At the most basic level, an accelerator is a machine that makes charged particles go much faster. Everything beyond that is just getting fancy and going faster in highly esoteric ways. The machine doesn’t particularly care what particles you put in it; it just makes them go fast. Because your client isn’t technically inept, they were wise enough to make the changes that reversed the polarity to turn an electron accelerating machine into a positron accelerating one. Otherwise, it would’ve just thrown the positrons right back at the ion source. But it VERY MUCH MATTERS what’s at the business end of the accelerator. Because your beam line must come to an end and your fast particles are going to have to smack into something. Hopefully your intended target, but that’s why you build a backstop for the ones that miss. 
And because you’re working with positrons here, that means it’s time to worry about matter-antimatter annihilation radiation reactions. Your positron is going to go away and in its wake it’s going to give you two 511keV gamma photons moving in equal and opposite directions. But unless your research is on accelerator technology development, the whole point of having an accelerator is to make charged particles go fast to get nuclear reactions. The resulting gammas from the VERY short lived things in your target tend to be a lot more energetic than 511keV. If you’ve built your backstop and target cave right, they should take care of all those pesky annihilation gammas.
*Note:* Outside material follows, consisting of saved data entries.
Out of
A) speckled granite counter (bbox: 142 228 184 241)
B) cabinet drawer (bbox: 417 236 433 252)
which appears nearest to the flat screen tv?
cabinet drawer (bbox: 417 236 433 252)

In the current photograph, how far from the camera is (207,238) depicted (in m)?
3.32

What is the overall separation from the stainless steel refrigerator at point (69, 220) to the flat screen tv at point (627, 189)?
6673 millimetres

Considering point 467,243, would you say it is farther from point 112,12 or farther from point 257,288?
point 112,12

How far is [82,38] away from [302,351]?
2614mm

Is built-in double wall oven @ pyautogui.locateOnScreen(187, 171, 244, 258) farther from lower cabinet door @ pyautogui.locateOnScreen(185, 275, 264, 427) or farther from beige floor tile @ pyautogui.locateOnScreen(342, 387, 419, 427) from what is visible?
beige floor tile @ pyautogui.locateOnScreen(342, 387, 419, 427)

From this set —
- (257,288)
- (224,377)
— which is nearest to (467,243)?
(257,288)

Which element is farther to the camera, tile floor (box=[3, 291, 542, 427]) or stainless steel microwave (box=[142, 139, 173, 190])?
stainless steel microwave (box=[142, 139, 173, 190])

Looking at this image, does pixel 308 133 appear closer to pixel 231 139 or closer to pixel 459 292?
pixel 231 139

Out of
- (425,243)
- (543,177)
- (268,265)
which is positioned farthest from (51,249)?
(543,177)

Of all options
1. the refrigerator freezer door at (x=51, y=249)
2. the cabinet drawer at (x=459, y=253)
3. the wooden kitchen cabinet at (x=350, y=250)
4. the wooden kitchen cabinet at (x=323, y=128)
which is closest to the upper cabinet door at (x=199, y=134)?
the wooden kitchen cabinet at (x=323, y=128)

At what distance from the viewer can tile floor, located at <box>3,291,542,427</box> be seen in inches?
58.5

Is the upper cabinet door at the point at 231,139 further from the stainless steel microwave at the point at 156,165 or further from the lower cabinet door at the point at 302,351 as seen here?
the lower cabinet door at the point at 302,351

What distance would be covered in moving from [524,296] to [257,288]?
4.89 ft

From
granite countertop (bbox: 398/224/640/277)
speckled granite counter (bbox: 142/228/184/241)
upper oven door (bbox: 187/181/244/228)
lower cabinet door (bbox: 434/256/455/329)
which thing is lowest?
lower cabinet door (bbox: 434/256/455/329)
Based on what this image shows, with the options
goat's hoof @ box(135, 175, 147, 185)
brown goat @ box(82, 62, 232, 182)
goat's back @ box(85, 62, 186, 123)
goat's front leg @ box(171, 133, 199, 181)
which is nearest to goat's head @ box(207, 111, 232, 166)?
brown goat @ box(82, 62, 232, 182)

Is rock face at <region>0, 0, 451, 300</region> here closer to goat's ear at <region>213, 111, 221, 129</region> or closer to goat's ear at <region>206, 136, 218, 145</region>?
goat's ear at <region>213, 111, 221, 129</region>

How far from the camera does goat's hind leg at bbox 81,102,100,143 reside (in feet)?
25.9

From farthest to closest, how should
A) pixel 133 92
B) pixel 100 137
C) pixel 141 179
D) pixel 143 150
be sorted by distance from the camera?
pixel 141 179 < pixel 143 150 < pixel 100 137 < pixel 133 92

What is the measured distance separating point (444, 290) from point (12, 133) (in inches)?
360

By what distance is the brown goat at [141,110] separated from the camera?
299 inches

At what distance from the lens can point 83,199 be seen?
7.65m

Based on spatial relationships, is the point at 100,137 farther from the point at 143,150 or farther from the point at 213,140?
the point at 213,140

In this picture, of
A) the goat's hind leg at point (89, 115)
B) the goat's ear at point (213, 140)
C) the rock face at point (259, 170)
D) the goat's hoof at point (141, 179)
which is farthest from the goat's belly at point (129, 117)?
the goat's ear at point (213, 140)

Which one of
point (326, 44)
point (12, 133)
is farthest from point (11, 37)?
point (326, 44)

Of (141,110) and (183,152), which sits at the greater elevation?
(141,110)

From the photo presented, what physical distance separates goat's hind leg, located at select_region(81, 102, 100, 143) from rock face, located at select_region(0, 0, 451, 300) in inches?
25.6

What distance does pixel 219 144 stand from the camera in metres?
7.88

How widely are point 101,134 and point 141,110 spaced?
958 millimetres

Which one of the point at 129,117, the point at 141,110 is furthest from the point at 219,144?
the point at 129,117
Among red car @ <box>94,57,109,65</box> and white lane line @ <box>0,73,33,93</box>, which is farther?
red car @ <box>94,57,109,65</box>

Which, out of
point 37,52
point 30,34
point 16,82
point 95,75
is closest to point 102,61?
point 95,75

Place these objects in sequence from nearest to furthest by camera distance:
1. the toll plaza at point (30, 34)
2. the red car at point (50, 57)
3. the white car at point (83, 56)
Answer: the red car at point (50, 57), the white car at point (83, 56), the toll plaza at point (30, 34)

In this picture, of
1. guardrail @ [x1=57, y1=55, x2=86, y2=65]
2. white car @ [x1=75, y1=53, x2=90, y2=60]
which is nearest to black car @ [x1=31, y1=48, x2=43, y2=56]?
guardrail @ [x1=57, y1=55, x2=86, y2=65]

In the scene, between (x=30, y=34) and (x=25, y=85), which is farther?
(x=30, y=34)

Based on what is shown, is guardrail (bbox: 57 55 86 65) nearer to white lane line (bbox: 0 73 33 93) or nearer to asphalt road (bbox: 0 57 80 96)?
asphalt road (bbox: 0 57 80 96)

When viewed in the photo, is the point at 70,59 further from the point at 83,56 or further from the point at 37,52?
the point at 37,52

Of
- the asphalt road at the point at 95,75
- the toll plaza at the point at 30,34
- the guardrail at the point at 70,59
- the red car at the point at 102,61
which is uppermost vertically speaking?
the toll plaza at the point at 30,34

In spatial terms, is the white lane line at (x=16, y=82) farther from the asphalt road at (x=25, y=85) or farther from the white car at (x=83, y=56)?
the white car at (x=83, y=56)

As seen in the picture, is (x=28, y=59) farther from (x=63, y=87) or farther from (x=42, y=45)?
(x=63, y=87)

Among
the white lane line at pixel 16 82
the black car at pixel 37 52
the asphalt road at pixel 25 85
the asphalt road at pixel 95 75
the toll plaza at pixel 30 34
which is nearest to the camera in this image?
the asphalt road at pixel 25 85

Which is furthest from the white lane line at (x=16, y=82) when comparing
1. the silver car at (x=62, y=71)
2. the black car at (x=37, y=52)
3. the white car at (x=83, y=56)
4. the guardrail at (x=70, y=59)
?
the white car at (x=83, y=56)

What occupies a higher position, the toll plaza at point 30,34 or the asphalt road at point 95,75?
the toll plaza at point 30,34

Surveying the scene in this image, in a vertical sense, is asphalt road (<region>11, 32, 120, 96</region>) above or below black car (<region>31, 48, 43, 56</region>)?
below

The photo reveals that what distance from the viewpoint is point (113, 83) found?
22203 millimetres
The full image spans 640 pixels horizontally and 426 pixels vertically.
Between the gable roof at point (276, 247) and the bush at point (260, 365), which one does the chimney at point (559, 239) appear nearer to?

The positron interactions in the ion sources and the accelerator are going to be a pittance of dose contribution compared to the x-rays from the accelerator itself. 
Of course, those are your intended reactions. If your accelerator is operating at a high enough energy, you can start causing incidental activation of materials, like those stainless steel screws slowly growing more and more Co-60 over time. If your accelerator was built with this in mind for the interactions from using electrons and now you’ve swapped to positrons, all your dose and activation calcs that you submitted for registration & permitting of the accelerator go out the window. Luckily, the different activations don’t deviate too badly from a safety point of view, but all the documentation is now wrongwrongWRONG. If your accelerator is licensed for isotope production, say radiopharmaceuticals, you just invalidated your permit to operate. That is, from a business point of view, extremely bad. But an accelerator that’s shut down until they can put it back the way it was so that it matches the paperwork again (they better be able to do that) or you can get new paperwork approved (may take months) is very safe indeed. 
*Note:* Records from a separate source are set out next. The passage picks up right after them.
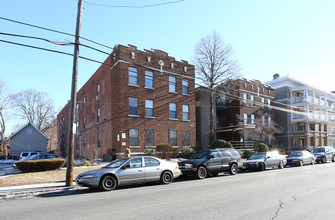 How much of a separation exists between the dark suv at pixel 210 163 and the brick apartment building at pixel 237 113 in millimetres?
17247

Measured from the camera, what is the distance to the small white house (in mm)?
45281

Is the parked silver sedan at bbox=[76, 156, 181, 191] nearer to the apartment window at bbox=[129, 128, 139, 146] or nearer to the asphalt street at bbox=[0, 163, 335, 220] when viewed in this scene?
the asphalt street at bbox=[0, 163, 335, 220]

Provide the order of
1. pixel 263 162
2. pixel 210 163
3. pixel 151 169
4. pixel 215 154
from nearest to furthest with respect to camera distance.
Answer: pixel 151 169 → pixel 210 163 → pixel 215 154 → pixel 263 162

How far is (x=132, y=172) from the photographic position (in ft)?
37.2

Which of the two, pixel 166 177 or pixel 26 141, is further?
pixel 26 141

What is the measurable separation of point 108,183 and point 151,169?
6.88 feet

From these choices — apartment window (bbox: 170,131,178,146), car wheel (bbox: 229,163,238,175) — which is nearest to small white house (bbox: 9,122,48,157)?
apartment window (bbox: 170,131,178,146)

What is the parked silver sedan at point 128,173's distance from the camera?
1056cm

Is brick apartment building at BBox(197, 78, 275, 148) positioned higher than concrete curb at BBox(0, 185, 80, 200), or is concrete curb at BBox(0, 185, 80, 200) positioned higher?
brick apartment building at BBox(197, 78, 275, 148)

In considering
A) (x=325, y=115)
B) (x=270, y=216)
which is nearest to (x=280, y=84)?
(x=325, y=115)

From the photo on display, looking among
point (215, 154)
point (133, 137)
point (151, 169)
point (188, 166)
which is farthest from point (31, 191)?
point (133, 137)

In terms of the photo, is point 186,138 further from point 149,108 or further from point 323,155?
point 323,155

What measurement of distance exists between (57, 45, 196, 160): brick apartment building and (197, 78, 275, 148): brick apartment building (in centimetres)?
455

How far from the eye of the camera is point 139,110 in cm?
2652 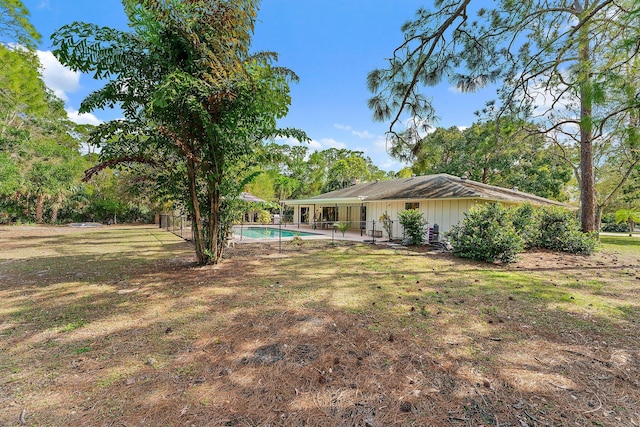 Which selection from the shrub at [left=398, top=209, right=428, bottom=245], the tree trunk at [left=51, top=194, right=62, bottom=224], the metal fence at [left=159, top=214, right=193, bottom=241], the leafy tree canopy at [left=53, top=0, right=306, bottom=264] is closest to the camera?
the leafy tree canopy at [left=53, top=0, right=306, bottom=264]

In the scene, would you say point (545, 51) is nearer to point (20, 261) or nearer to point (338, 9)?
point (338, 9)

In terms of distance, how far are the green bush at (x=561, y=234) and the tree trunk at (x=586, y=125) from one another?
130cm

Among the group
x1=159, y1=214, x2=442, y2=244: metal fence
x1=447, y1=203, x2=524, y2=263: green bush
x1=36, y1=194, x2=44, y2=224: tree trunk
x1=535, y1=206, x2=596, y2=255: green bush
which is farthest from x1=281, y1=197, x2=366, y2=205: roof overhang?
x1=36, y1=194, x2=44, y2=224: tree trunk

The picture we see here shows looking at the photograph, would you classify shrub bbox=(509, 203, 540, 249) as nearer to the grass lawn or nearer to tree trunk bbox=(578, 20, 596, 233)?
tree trunk bbox=(578, 20, 596, 233)

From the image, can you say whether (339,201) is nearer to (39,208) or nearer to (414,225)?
(414,225)

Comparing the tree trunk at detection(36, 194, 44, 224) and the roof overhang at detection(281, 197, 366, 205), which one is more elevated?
the roof overhang at detection(281, 197, 366, 205)

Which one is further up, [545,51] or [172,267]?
[545,51]

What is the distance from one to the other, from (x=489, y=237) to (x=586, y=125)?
408 cm

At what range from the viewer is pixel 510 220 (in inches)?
377

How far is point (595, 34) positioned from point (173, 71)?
812 cm

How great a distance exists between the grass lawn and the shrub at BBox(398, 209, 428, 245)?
19.9 ft

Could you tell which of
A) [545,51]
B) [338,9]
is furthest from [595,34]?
[338,9]

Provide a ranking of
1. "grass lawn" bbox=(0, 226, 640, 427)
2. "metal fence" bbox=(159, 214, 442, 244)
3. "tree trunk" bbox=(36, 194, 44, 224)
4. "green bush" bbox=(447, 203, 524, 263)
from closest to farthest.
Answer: "grass lawn" bbox=(0, 226, 640, 427)
"green bush" bbox=(447, 203, 524, 263)
"metal fence" bbox=(159, 214, 442, 244)
"tree trunk" bbox=(36, 194, 44, 224)

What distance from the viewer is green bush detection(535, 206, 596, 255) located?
420 inches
Which brings us to the most important question several of you identified that you’ll be asking. “Where did you get a positron ion source large enough for this? Howwwwww???” If you’re lucky, it’s one you know about that they’ve installed into the accelerator. To have enough positrons to make a decent current ion source, you’re going to need an isotope with a half-life long enough to build with. Because there aren’t all that many positron emitters like that, this means your ion source is probably a big pile of Na-22. While Na-22 is a positron emitter with a ~2.5yr half-life that you can utilize, it is also a VERY potent gamma emitter, especially when you get enough of it together to think of it as a positron source instead. Usually, ion sources for accelerators just make a lot of soft (low energy) x-rays as you generate plasmas to throw down the line. Soft enough that the ion sources are typically self-shielding. This is *NOT* the case for a GBq Na-22 source. You need some lead, stat. Lots of it.

Also, as you may have noted Na-22 is sodium. Working with sodium is *messy*. Once you’ve finished building a lead cave for the ion source, it’s time to survey everything and everyone to determine exactly how much Na-22 they spread all over the place while building this. 
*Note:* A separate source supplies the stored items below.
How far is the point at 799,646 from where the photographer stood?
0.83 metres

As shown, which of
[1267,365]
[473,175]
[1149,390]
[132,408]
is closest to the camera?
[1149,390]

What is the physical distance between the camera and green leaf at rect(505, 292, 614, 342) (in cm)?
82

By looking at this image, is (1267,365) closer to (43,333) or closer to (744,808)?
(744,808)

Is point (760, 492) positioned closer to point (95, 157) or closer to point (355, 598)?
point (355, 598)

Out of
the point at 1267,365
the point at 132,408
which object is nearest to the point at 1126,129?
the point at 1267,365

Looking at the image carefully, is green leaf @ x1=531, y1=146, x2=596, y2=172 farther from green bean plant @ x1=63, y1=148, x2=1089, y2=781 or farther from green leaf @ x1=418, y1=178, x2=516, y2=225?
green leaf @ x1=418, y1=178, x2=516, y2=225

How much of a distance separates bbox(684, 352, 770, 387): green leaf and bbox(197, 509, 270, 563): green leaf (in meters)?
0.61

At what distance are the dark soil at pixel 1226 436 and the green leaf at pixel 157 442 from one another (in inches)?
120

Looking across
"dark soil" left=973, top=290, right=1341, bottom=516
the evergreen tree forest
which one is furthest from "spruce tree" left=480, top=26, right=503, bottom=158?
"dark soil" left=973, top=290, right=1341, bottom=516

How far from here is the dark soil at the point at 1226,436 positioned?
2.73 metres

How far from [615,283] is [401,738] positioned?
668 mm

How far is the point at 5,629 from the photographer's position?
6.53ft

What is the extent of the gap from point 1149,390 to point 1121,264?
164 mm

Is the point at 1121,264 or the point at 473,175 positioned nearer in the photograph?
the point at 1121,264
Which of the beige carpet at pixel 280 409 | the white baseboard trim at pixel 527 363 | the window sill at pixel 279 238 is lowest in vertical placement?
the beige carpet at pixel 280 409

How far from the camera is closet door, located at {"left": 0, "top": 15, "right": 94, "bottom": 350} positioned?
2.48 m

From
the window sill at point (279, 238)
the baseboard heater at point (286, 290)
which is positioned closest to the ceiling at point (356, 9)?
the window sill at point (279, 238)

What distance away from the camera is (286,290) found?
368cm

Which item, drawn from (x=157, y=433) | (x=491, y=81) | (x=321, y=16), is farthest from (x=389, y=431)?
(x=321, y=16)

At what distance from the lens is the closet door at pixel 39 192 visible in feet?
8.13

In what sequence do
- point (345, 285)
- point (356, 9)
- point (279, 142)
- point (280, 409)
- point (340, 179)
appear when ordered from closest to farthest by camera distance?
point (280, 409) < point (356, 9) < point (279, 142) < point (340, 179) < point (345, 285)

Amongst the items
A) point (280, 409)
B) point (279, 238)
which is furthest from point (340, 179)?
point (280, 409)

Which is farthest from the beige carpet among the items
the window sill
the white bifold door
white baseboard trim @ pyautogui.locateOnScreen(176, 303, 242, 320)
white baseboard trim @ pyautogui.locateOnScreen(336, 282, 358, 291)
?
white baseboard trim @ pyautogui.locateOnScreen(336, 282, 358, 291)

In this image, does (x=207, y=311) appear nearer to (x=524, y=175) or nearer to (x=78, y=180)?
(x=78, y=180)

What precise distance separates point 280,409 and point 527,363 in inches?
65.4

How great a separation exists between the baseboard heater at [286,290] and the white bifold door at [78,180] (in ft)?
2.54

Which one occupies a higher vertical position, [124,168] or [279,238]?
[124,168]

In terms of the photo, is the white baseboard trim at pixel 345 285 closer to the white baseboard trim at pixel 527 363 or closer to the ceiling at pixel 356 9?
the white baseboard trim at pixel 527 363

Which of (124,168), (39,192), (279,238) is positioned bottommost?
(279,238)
In the events that partially inspired this scenario, a researcher had a large Na-22 source as part of their lab’s inventory. But they were retiring and put out the word that they’d like to give this source and a lot of vacuum system gear away to a good home. This is the classic “If someone wants it, then it isn’t waste” gambit to avoid decon and disposal fees, but that’s a rant for another time. And so, a very large Na-22 source, in NaCl chemical form, showed up and got put in the extra beefy source safe. Even with the tungsten walls, counting experiments everywhere in the entire building began to show the fingerprint Na-22 gamma line. 

I’m happy to say that they called before trying to reconfigure the accelerator. This was because they were stymied trying to figure out a way to build the ion source safely. Their first attempt resulted in a contamination incident and everything got put away with a harrumph. But it’s cool, they’ve got a decade and change to figure it out before that source dies away too much to be useful. Also, they added a lot more lead around the safe to be better neighbors.